Peut-être voilent-elles un prix de l’accélération
encore plus lourd. Que chacun puisse se déplacer à
grande vitesse, cela signifie qu’il lui restera une part de
temps moindre et que toute la société dépensera
une plus grande part du temps disponible à transporter les
gens. Des voitures qui dépassent la vitesse critique ont
tendance à imposer l’inégalité, mais
elles installent aussi une industrie auto-suffisante qui cache l’inefficacité
du système de transport sous une apparence de raffinement
technologique.

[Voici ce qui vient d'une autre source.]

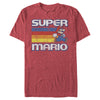 Men's Nintendo Super Mario Rainbow Stripes  Adult T-Shirt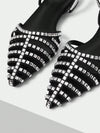 Sparkling Steps: Rhinestone Ankle Strap Flats for Your Vacation Wardrobe - Summer Sale!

J’estime que limiter la vitesse ne sert pas
seulement à défendre l’équité,
mais à préserver l’efficacité des moyens
de transport, c’est-à-dire à augmenter la distance
totale parcourue en diminuant le temps total consacré à
cet effet.
On n’a guère étudié les conséquences
de la voiture sur le budget-temps (par 24 heures) des individus
comme des sociétés. Les travaux déjà
faits pour le transport fournissent des statistiques sur le temps
nécessaire par kilomètre, sur la valeur de ce temps
calculée en dollars ou sur la durée des trajets. Mais
rien n’est dit des frais de transport cachés : comment
le transport dévore le temps vital, comment la voiture multiplie
le nombre des voyages nécessaires, combien de temps on passe
à se préparer à un déplacement. De plus,
on n’a pas de critère pour estimer la valeur de frais
encore plus cachés : le sur-loyer accepté pour resider
dans un quartier bien relié au réseau des transports,
les dépenses engagées pour préserver un secteur
du bruit, de la saleté et des dangers physiques dus aux voitures.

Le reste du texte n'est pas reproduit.